Les représentants de la majorité du petit royaume expliquent doctement que les chômeurs doivent crever de faim pour trouver un emploi. Ils expliquent que l'emploi est la seule forme digne de travail, la seule façon légitime de gagner de l'argent - en quoi ils sont d'accord avec l'opposition et les syndicats du petit royaume.
Alors, les chômeurs d'hier qui pouvaient se payer un loyer, un coiffeur, des formations, des remises à niveau, des savonnettes et des costumes ne peuvent plus rien se payer. Ils sont à la rue parce que, nous explique le gouvernement, ils doivent chercher un emploi.
Mais quel employeur voudrait d'un clochard dans son entreprise?

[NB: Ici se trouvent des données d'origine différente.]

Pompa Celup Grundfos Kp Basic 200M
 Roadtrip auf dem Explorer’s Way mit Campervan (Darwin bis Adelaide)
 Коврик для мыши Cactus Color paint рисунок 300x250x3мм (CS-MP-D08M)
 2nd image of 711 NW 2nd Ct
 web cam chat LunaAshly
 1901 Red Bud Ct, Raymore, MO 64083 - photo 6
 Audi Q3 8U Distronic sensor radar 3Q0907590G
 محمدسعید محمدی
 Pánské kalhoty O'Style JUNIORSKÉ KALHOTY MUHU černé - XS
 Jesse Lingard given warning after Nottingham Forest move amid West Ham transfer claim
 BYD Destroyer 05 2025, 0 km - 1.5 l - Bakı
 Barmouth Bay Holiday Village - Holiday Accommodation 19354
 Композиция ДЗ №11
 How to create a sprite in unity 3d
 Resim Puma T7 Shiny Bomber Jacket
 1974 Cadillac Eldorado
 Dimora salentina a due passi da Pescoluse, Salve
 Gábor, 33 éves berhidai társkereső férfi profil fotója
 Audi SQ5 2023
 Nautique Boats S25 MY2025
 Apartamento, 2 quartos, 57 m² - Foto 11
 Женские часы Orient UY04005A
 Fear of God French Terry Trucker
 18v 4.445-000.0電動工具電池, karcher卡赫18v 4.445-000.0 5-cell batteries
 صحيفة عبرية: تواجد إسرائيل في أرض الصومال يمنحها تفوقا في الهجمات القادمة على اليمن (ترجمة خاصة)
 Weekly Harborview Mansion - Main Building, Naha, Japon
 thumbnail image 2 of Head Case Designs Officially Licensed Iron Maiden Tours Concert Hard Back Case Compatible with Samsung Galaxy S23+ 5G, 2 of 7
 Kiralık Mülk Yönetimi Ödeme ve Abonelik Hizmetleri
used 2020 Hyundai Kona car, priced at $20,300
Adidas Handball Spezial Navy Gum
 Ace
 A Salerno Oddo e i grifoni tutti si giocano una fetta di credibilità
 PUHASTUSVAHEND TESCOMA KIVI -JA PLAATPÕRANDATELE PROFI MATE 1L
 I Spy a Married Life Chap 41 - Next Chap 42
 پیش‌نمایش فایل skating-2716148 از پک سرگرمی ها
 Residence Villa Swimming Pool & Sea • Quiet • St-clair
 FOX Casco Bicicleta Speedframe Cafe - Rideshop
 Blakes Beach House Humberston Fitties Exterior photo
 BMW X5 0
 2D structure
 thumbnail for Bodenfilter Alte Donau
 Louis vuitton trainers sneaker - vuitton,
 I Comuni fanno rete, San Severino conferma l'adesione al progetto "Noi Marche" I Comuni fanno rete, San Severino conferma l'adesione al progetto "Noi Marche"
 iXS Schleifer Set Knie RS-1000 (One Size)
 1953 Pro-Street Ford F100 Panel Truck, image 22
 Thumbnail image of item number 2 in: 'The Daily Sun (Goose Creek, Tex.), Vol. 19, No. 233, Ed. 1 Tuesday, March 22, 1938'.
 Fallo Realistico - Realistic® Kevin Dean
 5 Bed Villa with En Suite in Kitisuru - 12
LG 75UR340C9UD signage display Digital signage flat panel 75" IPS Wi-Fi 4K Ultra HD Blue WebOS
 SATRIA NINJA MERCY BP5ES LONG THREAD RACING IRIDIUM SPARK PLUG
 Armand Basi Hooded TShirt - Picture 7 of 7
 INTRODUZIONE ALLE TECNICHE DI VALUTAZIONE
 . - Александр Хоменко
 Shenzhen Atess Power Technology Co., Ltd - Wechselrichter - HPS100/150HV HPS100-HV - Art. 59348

Alors demain, les petits commerçants chez qui les anciens-chômeurs-nouveaux-clochards se ravitaillaient vont faire faillite faute de clients. Les propriétaires immobiliers qui louaient leur bien à ces chômeurs n'auront plus ces rentrées et vont, à leur tour, diminuer leur consommation dans les commerces du coin.
En deuxième ligne, donc, les commerces vont faire faillite, la classe moyenne va se paupériser soit faute de clientèle, soit parce qu'elle va devoir garder et financer ses enfants sans emploi jusqu'à leur mort, soit enfin parce qu'elle sera écrasée par les taxes qui payeront les policiers.
Quels policiers? Eh bien, ceux qui éviteront que les nouveaux clochards ne se laissent pas mourir de faim, ceux qui les empêcheront de s'organiser pour piller les magasins ou les banques pour ne pas mourir de faim.
En troisième ligne, les salariés affligés d'un emploi verront leur salaire diminuer puisqu'ils seront menacés par la rue, par la misère absolue. Les usines verront leurs carnets de commande fondre comme neige au soleil puisque les commerçants qui vendent les produits auront fait faillite faute de clients.
Derrière l'armée de prolétaires en haillons que notre gouvernement nous concocte, c'est une guerre à l'économie qui se profile.
Imaginez que l'on donne un salaire inconditionnel à tous. Les commerçants retrouvent leurs clients, les carnets de commandes se remplissent et les clochards sont salariés (éventuellement pour ne rien faire, cela n'a pas beaucoup d'importance), les exigences de qualité de travail et de salaire augmente. L'économie reprend.
Mais ce qui manque à ce petit gouvernement de ce petit royaume docile aux bureaucrates hostiles à la démocratie, c'est une chose devenue rare, un parfum d'aventure collectif, le goût de l'avenir. Ce qui leur manque, c'est l'ambition.
Le fait que, à New-York, dans une grande république, le nombre de sans-abris passe les 60.000 ne console en rien. Cela veut dire que la guerre au salaire et à l'économie fait rage là-bas aussi. En grand.